I had a scaling problem in a production environment. A small numbers of records processed fine. But larger volumes took exponentially longer. These classes are just to illustrate the point.
Party {
DateTime When { get; set; }
ICollection<Attendee> Attendees { get; set; }
}
Attendee {
ICollection<Gift> Gifts { get; set; }
ICollection<Allergy> Allergies { get; set; }
}
IEnumerable<Party> GetAllPartiesByDate(DateTime date) {
var parties = Context.Parties
.Include(p => p.Attendees).ThenInclude(a => a.Gifts)
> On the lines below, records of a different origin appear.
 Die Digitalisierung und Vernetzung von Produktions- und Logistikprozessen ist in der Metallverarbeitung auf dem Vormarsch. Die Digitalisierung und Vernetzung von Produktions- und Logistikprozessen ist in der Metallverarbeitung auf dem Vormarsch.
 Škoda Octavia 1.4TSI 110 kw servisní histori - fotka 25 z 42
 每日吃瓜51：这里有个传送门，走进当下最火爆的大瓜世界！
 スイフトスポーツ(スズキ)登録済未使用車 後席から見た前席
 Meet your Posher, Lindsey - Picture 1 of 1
.Include(p => p.Attendees).ThenInclude(a => a.Allergies)
.Where(p.When == date)
.ToList();
return parties;
}
With 4 matching parties, and 7 attendees at each party, where each attendee has 3 gifts and 2 allergies
That's 172 rows in the DB across 4 tables
4 + (4*7) + (4*7*3) + (4*7*2)
EF returns that via a single SQL query with 168 rows, not too bad.
4 * (7) * (3) * (2)
But make each of those values just 10 times larger and you get 142,840 rows in the DB
40 + (40*70) + (40*70*30) + (40*70*20)
But the results set from the singe EF query explodes on each successive one to many relationship and tries to return 40 * 70 * 30 * 20
1,680,000 rows
When using more modern versions of Entity Framework Core the solution to a Cartesian Explosion is to use AsSplitQuery
For unfortunate technical reasons we cannot update Entity Framework Core past version 3.1.
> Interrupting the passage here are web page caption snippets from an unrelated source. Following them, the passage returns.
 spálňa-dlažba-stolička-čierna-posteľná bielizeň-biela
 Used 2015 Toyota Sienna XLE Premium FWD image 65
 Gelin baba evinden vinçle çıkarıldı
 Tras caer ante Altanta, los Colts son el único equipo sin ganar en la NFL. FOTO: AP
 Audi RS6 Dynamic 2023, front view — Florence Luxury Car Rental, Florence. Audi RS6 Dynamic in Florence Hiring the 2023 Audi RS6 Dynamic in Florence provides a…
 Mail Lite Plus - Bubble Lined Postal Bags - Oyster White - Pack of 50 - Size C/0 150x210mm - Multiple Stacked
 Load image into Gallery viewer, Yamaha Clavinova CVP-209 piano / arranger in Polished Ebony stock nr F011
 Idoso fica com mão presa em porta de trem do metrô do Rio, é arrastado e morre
But how can you implement AsSplitQuery in EF Core 3.1?
The solution is to:
Remember AutoDetectChangesEnabled is not the same mechanism as QueryTrackingBehavior.NoTracking aka AsNoTracking
/// <summary>
/// The strategy for split loading when you know the second order volume is low.
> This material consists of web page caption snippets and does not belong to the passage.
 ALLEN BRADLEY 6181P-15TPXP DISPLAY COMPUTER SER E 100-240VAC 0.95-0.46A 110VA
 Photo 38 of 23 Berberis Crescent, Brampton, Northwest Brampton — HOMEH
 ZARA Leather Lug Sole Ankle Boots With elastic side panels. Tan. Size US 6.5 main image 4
/// I.e. We know there are lots of parties and attendees, but each attendee has a low number of gifts and allergies.
/// This loads parties and then everything else over two SQL queries
/// </summary>
IEnumerable<Party> GetAllPartiesByDate(DateTime date)
{
try
{
//Turn off change tracking, note this is NOT the same as AsNoTracking
Context.ChangeTracker.AutoDetectChangesEnabled = false;
//Keep the search condition.
IQueryable<Party> partyQuery = Context.Parties.Where(p.When == date);
//For relationships where you know the count is small you can still use includes
//Thus producing a single SQL round trip.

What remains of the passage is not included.